RECORDS PROVIDED:
====================

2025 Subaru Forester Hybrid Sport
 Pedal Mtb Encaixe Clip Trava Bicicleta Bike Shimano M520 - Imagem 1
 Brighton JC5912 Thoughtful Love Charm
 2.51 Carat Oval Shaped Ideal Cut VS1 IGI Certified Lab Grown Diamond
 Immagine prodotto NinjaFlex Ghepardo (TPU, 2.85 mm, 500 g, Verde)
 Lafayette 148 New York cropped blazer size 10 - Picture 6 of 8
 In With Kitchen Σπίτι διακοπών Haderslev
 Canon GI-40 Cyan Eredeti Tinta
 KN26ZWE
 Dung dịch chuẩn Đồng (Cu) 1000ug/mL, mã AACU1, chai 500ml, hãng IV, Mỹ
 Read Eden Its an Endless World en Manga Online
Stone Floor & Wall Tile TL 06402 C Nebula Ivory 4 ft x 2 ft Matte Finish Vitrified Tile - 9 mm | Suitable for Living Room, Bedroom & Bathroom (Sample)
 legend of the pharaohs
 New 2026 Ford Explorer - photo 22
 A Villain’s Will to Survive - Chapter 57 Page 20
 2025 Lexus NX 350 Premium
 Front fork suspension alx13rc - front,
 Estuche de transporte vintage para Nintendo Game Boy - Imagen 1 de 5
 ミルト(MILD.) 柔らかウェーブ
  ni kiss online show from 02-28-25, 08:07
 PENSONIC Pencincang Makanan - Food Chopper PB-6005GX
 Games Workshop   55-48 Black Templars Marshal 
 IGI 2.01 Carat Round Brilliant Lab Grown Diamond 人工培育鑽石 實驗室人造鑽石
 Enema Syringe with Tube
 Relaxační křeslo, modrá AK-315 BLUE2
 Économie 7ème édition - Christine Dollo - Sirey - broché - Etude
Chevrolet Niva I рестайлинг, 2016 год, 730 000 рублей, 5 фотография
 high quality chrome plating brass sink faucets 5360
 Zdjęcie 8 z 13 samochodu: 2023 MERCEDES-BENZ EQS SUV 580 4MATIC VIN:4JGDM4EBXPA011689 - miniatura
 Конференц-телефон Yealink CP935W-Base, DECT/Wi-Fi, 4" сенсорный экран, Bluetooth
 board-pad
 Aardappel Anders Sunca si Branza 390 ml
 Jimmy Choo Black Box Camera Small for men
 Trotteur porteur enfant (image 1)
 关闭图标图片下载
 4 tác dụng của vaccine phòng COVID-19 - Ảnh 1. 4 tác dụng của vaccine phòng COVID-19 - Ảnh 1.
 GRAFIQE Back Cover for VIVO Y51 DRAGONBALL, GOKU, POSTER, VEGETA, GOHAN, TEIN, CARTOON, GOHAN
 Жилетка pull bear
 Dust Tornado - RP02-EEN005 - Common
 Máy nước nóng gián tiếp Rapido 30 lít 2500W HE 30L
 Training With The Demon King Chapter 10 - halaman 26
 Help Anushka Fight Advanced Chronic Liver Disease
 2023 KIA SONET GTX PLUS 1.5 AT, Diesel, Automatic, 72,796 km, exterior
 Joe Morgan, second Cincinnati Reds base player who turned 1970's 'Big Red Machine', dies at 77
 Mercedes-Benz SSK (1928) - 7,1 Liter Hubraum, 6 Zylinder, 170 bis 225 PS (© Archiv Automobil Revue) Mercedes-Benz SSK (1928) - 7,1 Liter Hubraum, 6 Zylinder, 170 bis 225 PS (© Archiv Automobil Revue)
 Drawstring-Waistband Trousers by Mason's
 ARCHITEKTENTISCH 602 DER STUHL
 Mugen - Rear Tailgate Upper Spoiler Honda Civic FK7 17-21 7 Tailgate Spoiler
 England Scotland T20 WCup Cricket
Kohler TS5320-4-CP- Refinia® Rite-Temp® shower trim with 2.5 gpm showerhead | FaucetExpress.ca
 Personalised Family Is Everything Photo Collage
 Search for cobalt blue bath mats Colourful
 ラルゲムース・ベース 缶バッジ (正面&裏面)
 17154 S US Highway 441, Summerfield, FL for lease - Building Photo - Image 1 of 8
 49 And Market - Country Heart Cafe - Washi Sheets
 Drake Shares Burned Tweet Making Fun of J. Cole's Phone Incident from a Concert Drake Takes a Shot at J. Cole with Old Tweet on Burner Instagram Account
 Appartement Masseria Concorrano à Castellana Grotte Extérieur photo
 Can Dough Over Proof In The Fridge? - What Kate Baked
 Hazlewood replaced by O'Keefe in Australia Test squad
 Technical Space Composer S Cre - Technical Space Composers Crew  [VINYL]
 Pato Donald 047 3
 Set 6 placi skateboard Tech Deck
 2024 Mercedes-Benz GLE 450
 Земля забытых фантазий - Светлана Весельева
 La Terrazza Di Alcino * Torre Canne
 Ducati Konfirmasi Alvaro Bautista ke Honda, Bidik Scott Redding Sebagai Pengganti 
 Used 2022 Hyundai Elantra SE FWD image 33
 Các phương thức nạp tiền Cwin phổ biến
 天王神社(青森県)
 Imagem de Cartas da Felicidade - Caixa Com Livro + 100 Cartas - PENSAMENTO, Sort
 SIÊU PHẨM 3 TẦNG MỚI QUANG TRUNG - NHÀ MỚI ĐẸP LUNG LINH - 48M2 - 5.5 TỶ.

====================

WHAT IS EXPECTED:
From the line that contains "Земля забытых фантазий - Светлана Весельева" down to the last line of the listing above, repeat each line exactly, and include nothing else.

YOUR RESPONSE:
 Земля забытых фантазий - Светлана Весельева
 La Terrazza Di Alcino * Torre Canne
 Ducati Konfirmasi Alvaro Bautista ke Honda, Bidik Scott Redding Sebagai Pengganti 
 Used 2022 Hyundai Elantra SE FWD image 33
 Các phương thức nạp tiền Cwin phổ biến
 天王神社(青森県)
 Imagem de Cartas da Felicidade - Caixa Com Livro + 100 Cartas - PENSAMENTO, Sort
 SIÊU PHẨM 3 TẦNG MỚI QUANG TRUNG - NHÀ MỚI ĐẸP LUNG LINH - 48M2 - 5.5 TỶ.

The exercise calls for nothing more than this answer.